◆ Activity: Reproduce the data in full, exactly as given, leaving images out.

Brief descriptive captions

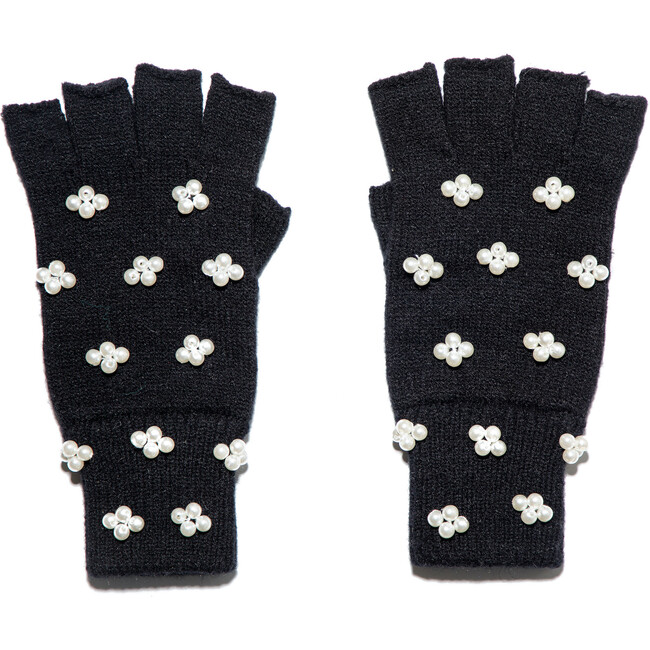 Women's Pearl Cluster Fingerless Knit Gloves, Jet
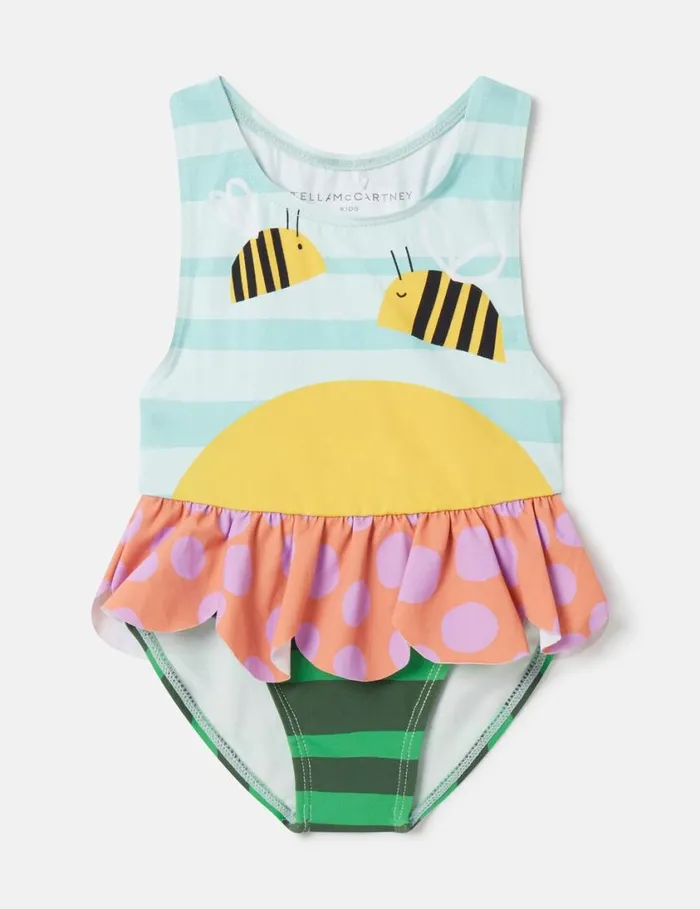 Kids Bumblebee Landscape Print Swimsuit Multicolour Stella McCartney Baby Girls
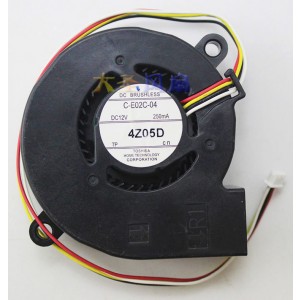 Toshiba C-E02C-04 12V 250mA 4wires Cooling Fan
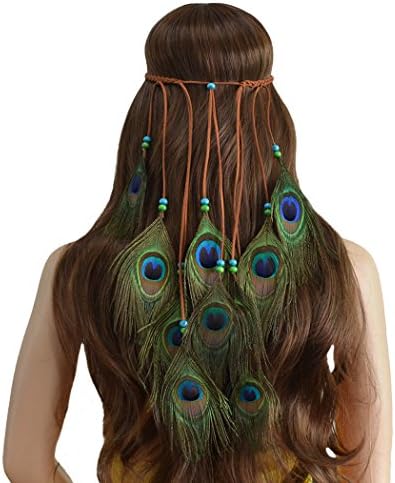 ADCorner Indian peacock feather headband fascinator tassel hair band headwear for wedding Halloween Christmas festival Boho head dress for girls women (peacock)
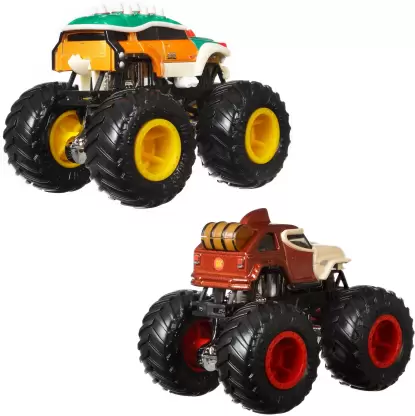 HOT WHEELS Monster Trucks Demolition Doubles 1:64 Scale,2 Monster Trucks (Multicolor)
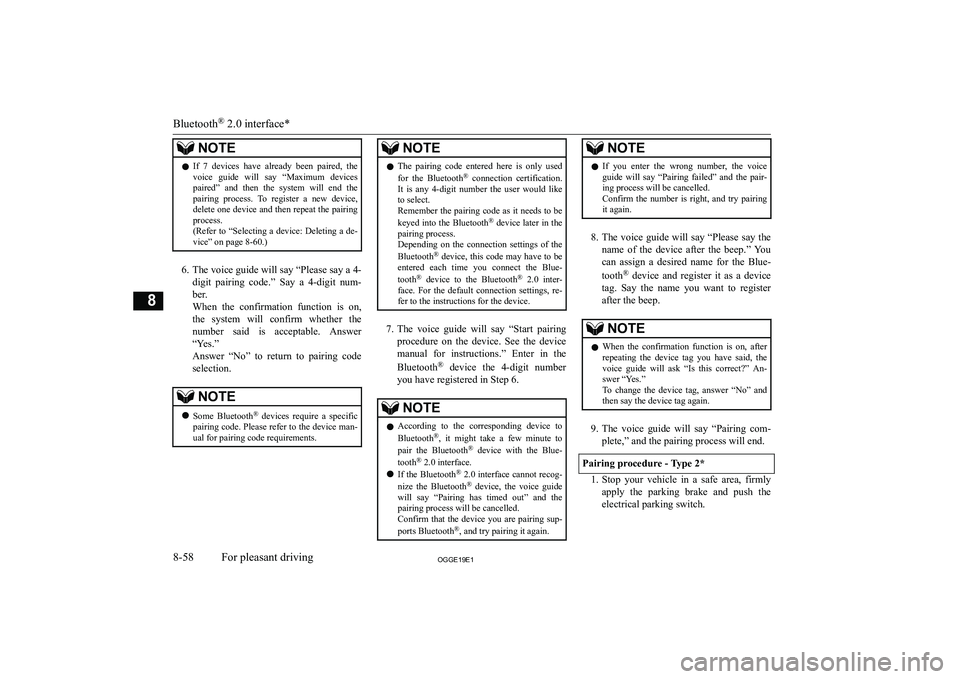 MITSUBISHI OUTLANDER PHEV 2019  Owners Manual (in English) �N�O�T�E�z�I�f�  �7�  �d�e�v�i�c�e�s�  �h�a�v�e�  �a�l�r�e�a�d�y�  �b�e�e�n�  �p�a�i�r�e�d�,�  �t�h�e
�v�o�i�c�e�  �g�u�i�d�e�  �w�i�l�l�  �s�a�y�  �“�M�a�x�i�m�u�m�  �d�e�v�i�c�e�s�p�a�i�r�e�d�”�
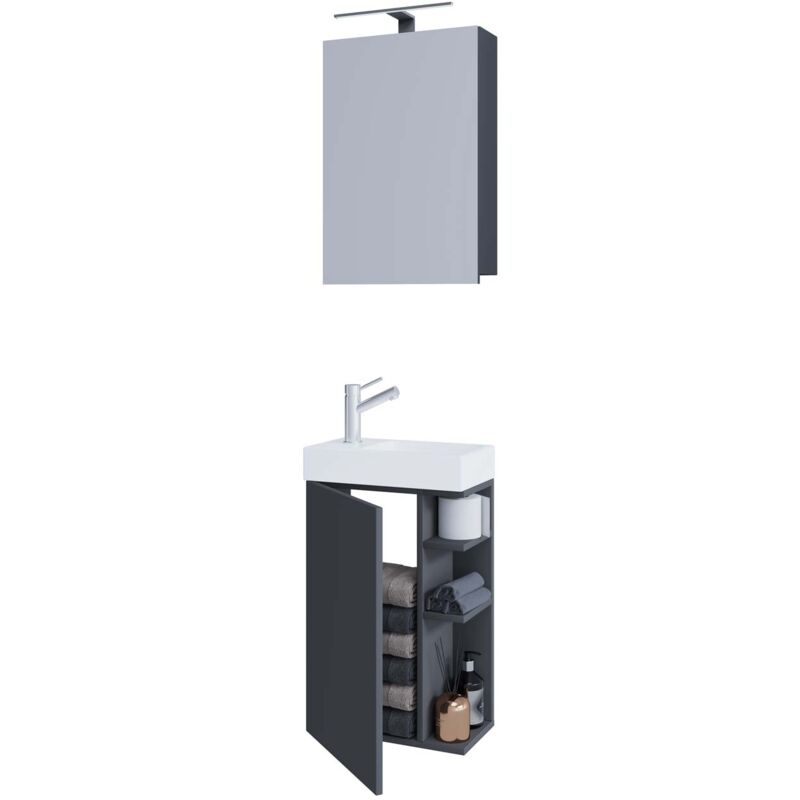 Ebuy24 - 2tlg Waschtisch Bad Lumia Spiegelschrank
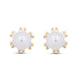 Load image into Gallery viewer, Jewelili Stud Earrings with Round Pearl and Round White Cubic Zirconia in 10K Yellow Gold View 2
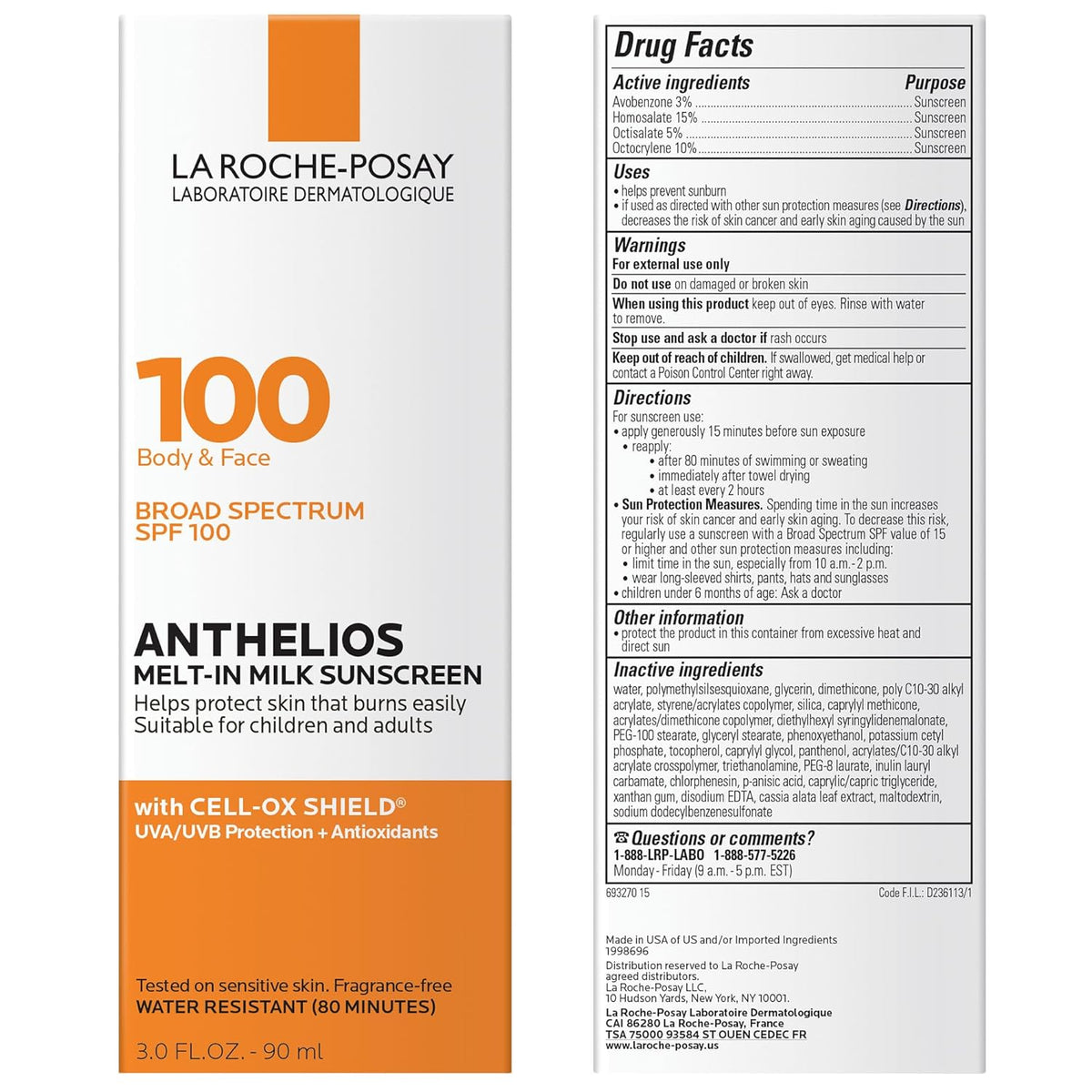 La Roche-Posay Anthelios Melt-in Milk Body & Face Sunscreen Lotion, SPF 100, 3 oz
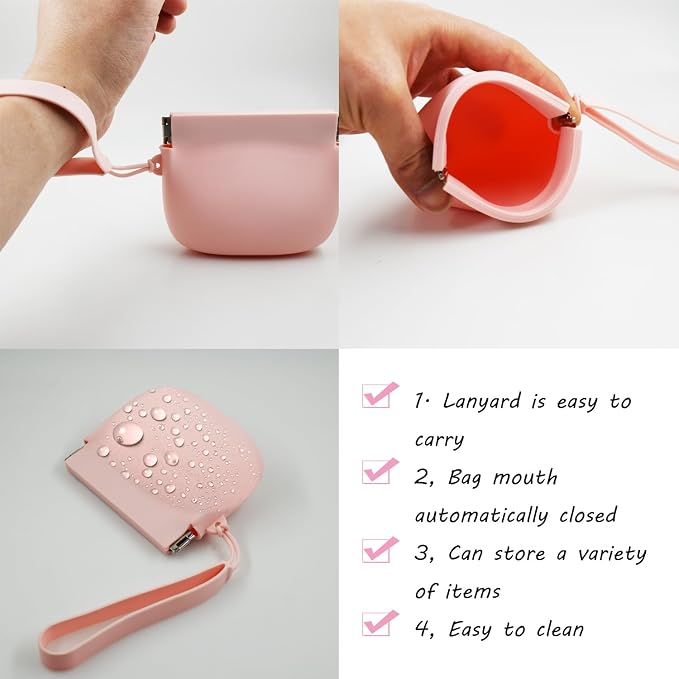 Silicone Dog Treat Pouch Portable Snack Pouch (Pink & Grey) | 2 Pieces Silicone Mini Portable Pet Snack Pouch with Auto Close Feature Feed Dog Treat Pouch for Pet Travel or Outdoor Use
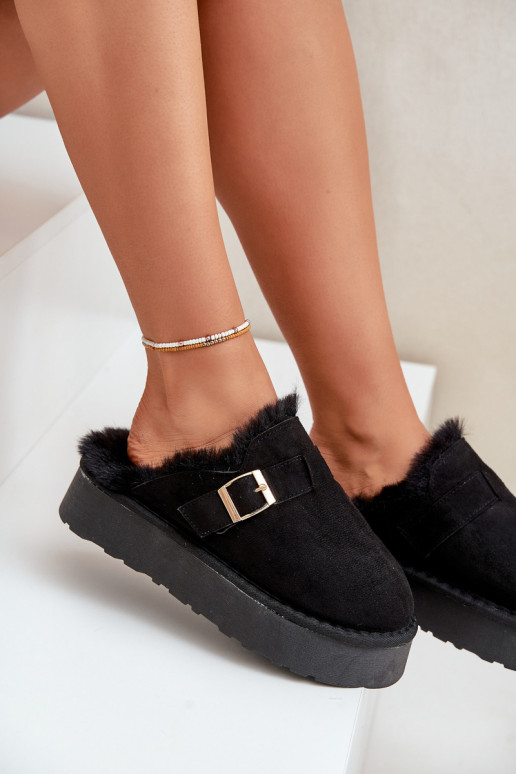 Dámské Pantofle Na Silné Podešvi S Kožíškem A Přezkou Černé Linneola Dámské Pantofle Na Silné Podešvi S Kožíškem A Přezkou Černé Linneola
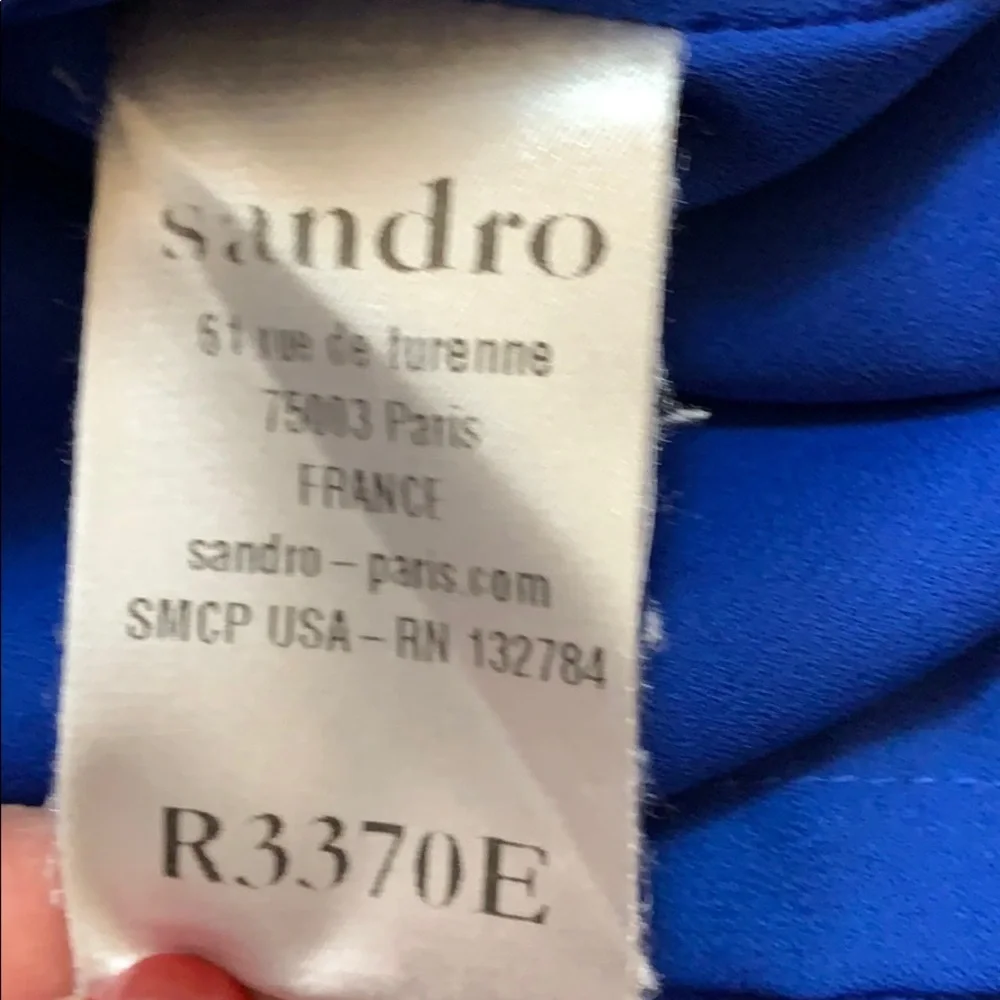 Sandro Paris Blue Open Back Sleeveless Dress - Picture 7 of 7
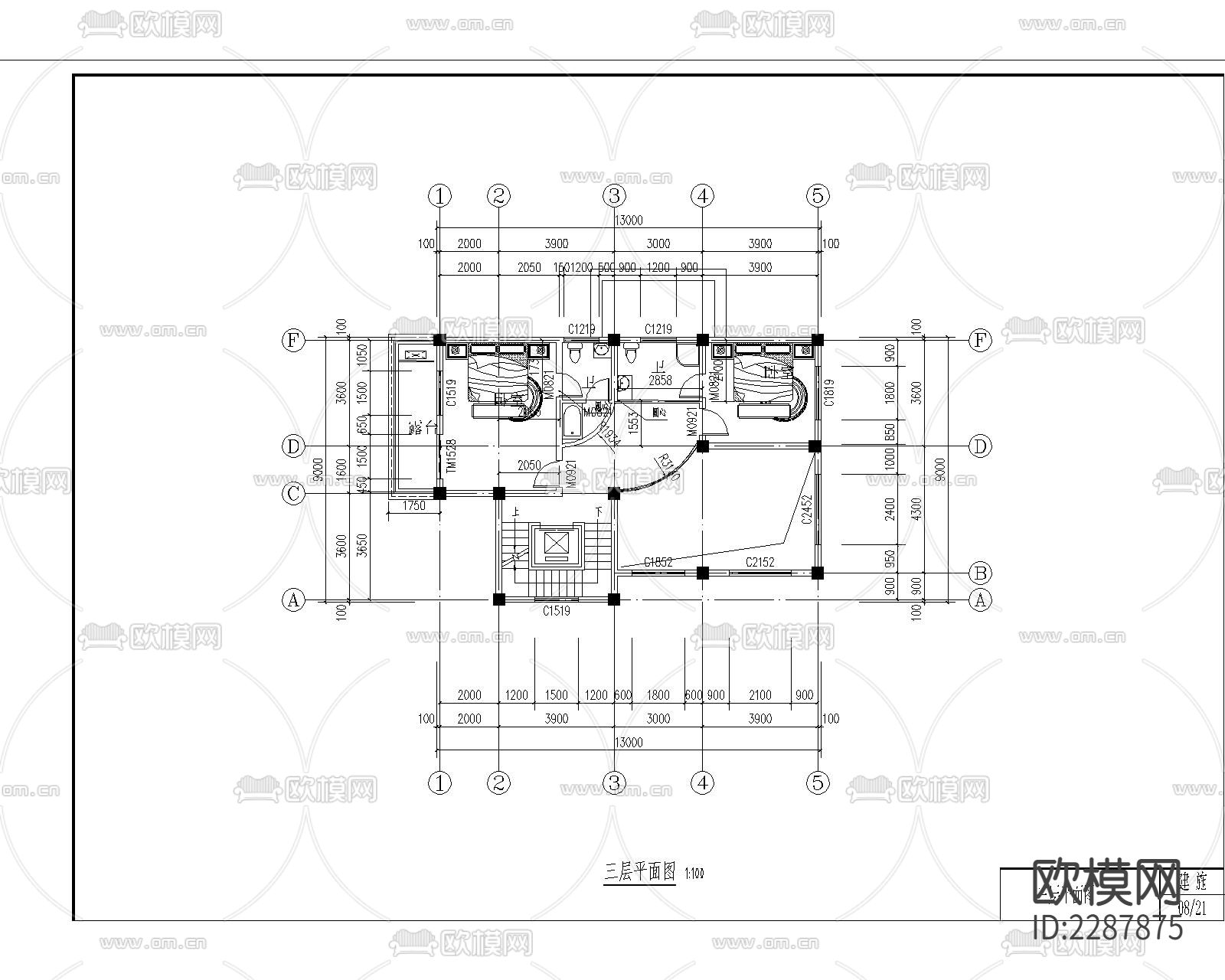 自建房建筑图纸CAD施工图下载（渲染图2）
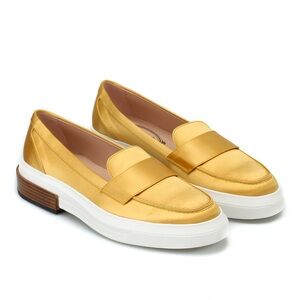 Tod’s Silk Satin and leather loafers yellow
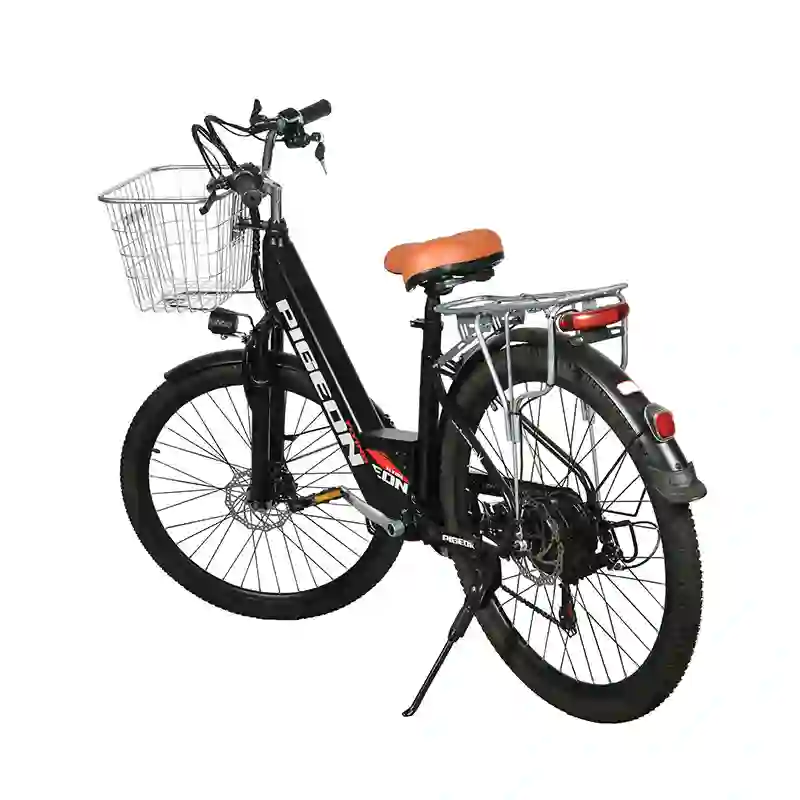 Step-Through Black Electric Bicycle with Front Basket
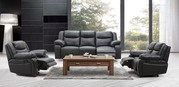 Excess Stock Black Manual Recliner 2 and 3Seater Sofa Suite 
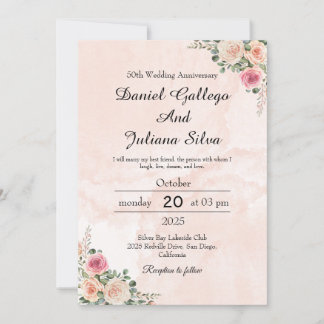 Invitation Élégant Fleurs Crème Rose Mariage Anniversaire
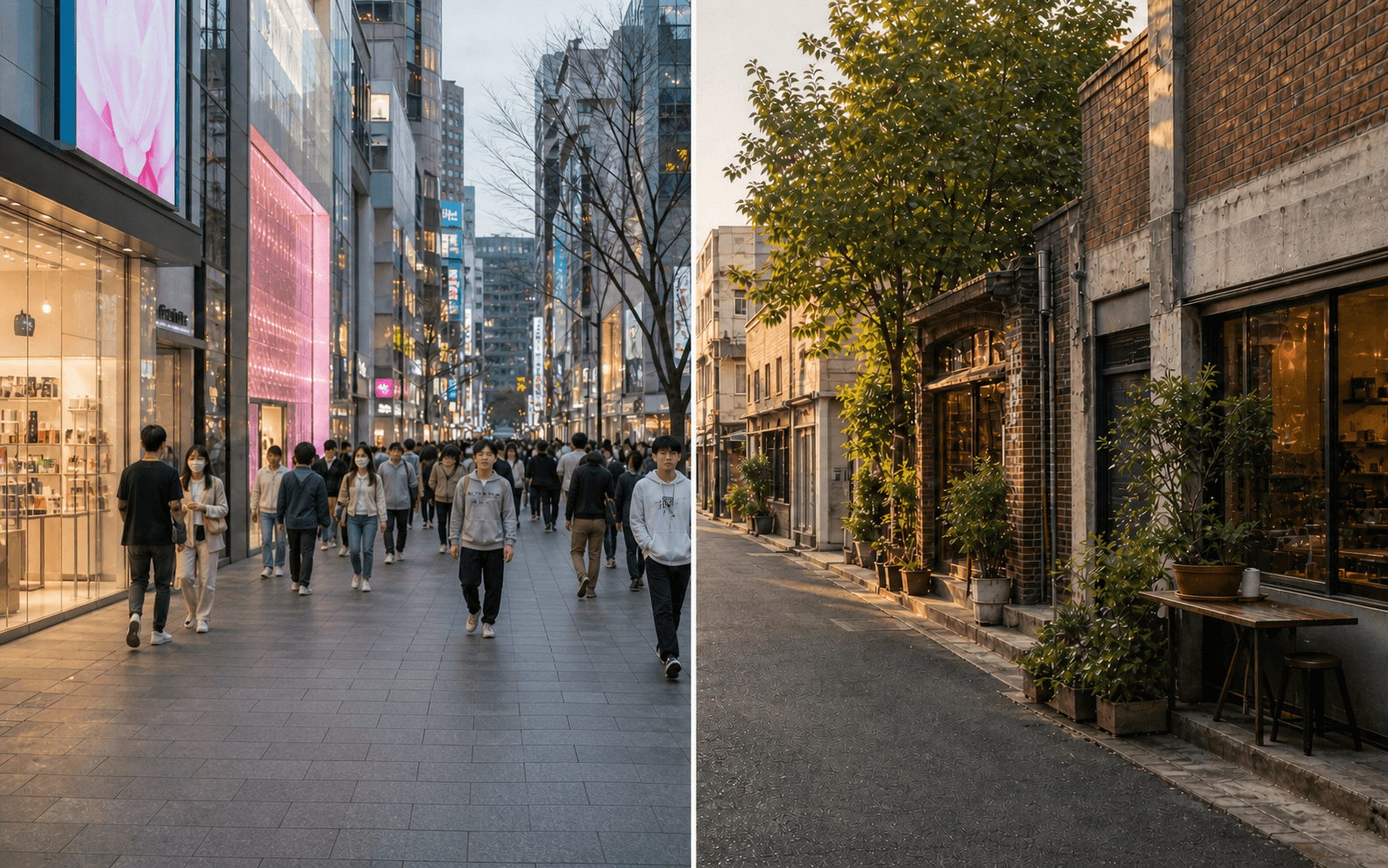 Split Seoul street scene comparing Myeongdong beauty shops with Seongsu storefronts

◆ Result of this exercise:
 Women's Pearl Cluster Fingerless Knit Gloves, Jet
 Kids Bumblebee Landscape Print Swimsuit Multicolour Stella McCartney Baby Girls
 Toshiba C-E02C-04 12V 250mA 4wires Cooling Fan
 ADCorner Indian peacock feather headband fascinator tassel hair band headwear for wedding Halloween Christmas festival Boho head dress for girls women (peacock)
 HOT WHEELS Monster Trucks Demolition Doubles 1:64 Scale,2 Monster Trucks (Multicolor)
 MITSUBISHI OUTLANDER PHEV 2019  Owners Manual (in English) �N�O�T�E�z�I�f�  �7�  �d�e�v�i�c�e�s�  �h�a�v�e�  �a�l�r�e�a�d�y�  �b�e�e�n�  �p�a�i�r�e�d�,�  �t�h�e
�v�o�i�c�e�  �g�u�i�d�e�  �w�i�l�l�  �s�a�y�  �“�M�a�x�i�m�u�m�  �d�e�v�i�c�e�s�p�a�i�r�e�d�”�
 Ebuy24 - 2tlg Waschtisch Bad Lumia Spiegelschrank
 Load image into Gallery viewer, Jewelili Stud Earrings with Round Pearl and Round White Cubic Zirconia in 10K Yellow Gold View 2
 La Roche-Posay Anthelios Melt-in Milk Body & Face Sunscreen Lotion, SPF 100, 3 oz
 Silicone Dog Treat Pouch Portable Snack Pouch (Pink & Grey) | 2 Pieces Silicone Mini Portable Pet Snack Pouch with Auto Close Feature Feed Dog Treat Pouch for Pet Travel or Outdoor Use
 Dámské Pantofle Na Silné Podešvi S Kožíškem A Přezkou Černé Linneola Dámské Pantofle Na Silné Podešvi S Kožíškem A Přezkou Černé Linneola
 Sandro Paris Blue Open Back Sleeveless Dress - Picture 7 of 7
 自建房建筑图纸CAD施工图下载（渲染图2）
 Tod’s Silk Satin and leather loafers yellow
 Step-Through Black Electric Bicycle with Front Basket
 Excess Stock Black Manual Recliner 2 and 3Seater Sofa Suite 
 Invitation Élégant Fleurs Crème Rose Mariage Anniversaire
 Split Seoul street scene comparing Myeongdong beauty shops with Seongsu storefronts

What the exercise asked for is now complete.